N,S co-doped SnO2 catalysts in gas-liquid interface dielectric barrier discharge for formate formation via CO2 reduction

N,S co-doped SnO2 were deposited on MWNTs/sponge to prepare a series of related N-S-SnO2/MWNTs/sponges for the reduction of CO2 by dielectric barrier discharge (DBD). With optimizing the composition, the N-S-SnO2/MWNTs/sponge (N:S:Sn = 1:0.2:1) achieves higher yields of formate (4791.40 μmol/L) and formaldehyde (66.11 μmol/L) after 60 min. The structural properties and DFT calculations reveal that, the S doped increased oxygen-containing functional groups on catalysts surface, thus the nonmetallic N and S modified Sn based catalysts affected the adsorption sites and reduced the reaction energy barrier of CO2 on the catalyst surface in order to promote energy utilization of DBD system for CO2 catalytic reduction.
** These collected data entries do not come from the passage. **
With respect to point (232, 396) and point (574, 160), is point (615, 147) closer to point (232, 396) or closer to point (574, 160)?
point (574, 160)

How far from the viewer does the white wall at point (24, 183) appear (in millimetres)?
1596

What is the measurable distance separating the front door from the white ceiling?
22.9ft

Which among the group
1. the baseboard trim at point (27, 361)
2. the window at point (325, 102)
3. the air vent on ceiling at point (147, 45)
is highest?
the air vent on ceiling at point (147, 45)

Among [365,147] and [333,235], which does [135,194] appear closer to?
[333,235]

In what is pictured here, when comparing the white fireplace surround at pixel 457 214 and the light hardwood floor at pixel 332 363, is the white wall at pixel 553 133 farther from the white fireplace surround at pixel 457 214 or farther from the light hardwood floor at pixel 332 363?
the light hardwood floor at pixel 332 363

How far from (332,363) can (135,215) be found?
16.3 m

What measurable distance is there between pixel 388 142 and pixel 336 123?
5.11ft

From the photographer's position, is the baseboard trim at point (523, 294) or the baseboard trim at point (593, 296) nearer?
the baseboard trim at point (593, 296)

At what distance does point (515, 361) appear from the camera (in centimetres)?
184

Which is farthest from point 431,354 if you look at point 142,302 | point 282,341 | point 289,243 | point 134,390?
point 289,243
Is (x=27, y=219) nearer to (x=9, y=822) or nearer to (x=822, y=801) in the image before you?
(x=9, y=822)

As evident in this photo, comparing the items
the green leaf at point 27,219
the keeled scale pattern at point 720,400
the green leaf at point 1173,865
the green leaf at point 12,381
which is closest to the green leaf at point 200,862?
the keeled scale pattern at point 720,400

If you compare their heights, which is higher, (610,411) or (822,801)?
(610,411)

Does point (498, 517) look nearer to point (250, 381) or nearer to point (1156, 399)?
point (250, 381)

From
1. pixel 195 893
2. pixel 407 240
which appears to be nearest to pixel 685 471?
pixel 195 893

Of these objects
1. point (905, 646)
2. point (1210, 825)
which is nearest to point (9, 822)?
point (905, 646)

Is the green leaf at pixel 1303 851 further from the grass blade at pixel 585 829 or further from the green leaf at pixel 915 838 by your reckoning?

In addition, different types and concentrations of seawater ions such as K+, Na+, Ca2+, Mg2+, Cl- and SO42- affected on the formation of formic acid and formaldehyde during discharge, which showed that DBD catalysis technology was advanced used for CO2 capture and storage in the ocean. [Display omitted] •Suspended N-S-SnO2 compound was used for CO2RR by gas-liquid DBD technology.•Yields of total formate and formaldehyde reached ∼5.5 mmol L−1 h−1 for CO2RR.•N,S co-doping SnO2 has a higher oxygen vacancy ratio than N doping SnO2.•S doping on N-SnO2 changed surface structure and decreased CO2 adsorption energy.•High ion concentrations in simulated seawater hindered mass transfer for CO2RR.